**TASK GOAL**
Go to the line with "Аналитики понизили прогноз" in the records below, then output it and each following line exactly, up to and including the line with "lechuga orgánica". Skip pictures and add nothing.

**AVAILABLE DATA**
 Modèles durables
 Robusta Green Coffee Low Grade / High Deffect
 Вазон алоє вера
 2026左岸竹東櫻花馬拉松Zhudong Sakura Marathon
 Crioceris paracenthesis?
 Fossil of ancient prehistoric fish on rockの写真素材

---

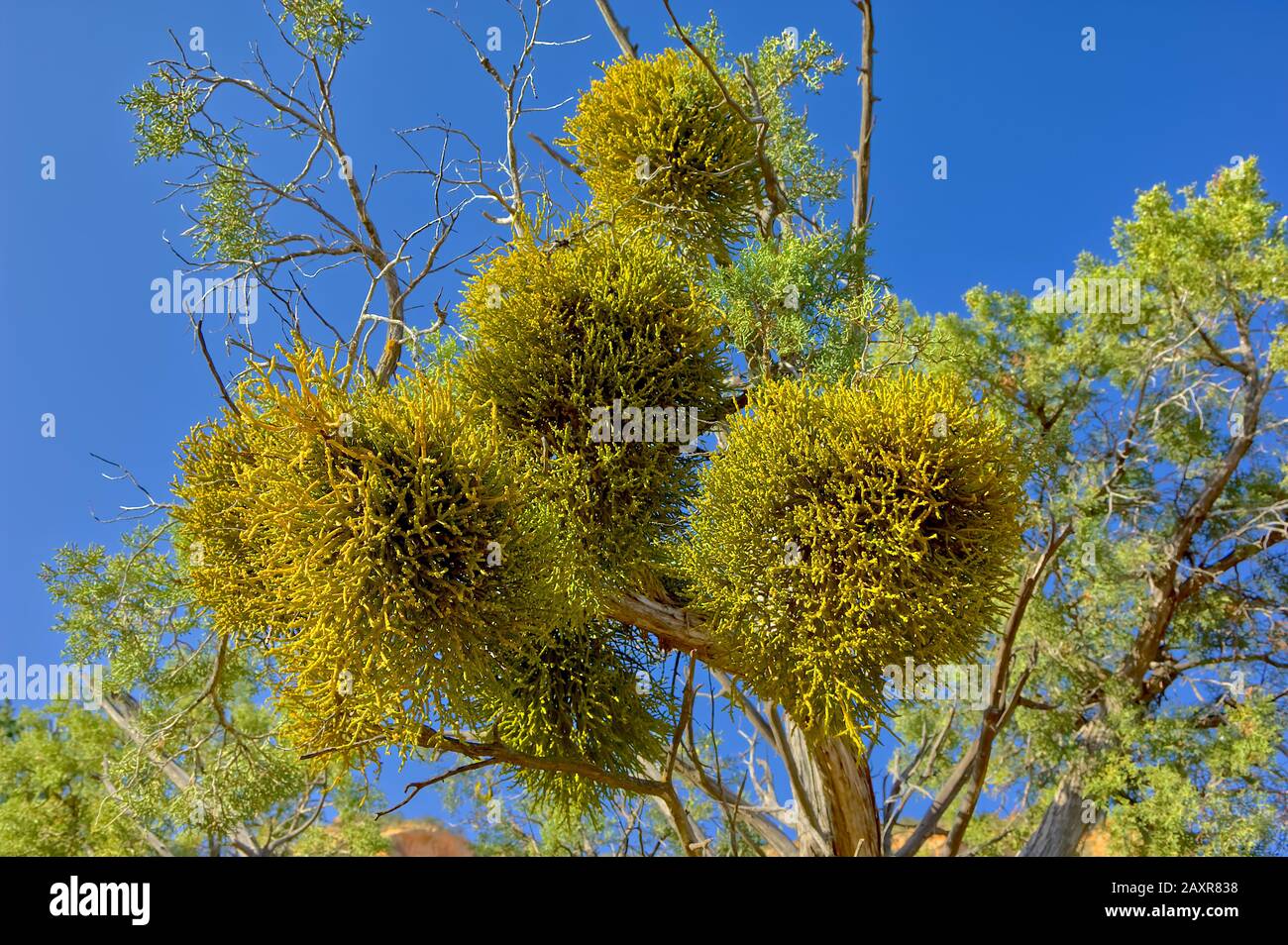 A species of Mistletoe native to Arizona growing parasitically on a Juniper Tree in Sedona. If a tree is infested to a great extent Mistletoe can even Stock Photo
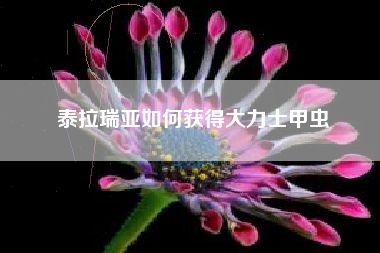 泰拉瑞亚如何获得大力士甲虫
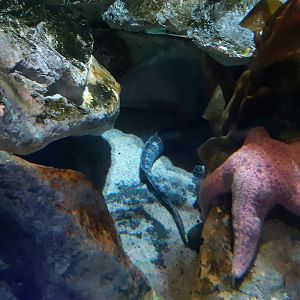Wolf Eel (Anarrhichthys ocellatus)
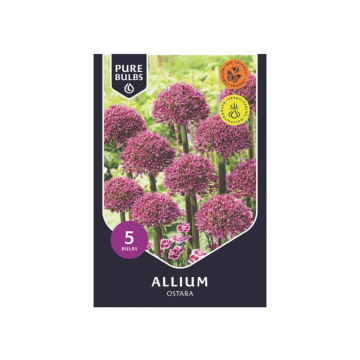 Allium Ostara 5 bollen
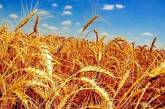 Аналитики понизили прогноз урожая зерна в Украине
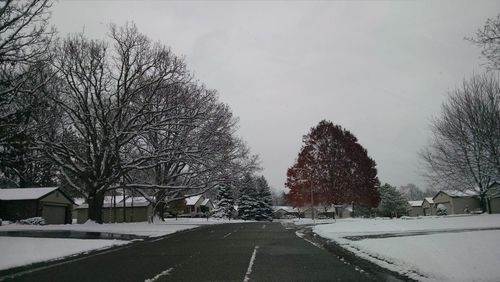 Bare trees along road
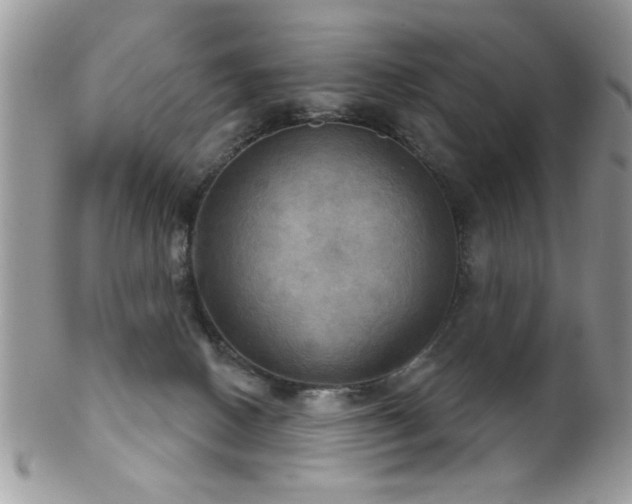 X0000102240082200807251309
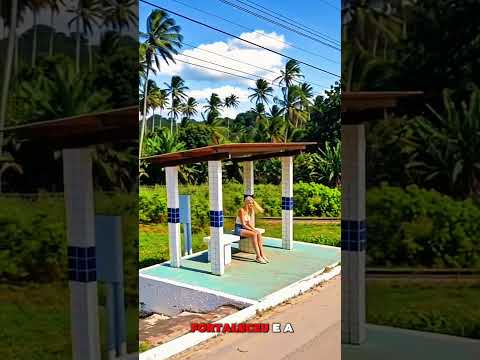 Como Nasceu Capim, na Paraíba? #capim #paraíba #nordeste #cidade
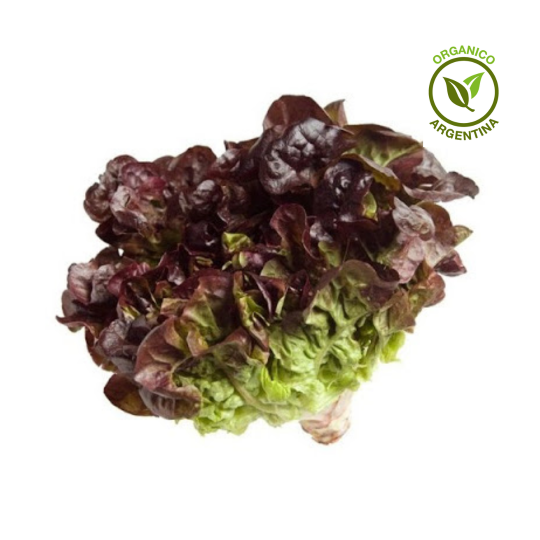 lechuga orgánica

---

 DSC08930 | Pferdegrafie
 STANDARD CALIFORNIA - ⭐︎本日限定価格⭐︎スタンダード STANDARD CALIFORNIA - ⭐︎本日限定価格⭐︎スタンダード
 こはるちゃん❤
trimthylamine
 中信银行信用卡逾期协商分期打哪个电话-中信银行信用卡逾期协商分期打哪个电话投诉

**RESULT FOR THIS TASK**
 Аналитики понизили прогноз урожая зерна в Украине
 Bare trees along road
 X0000102240082200807251309
 Como Nasceu Capim, na Paraíba? #capim #paraíba #nordeste #cidade
 lechuga orgánica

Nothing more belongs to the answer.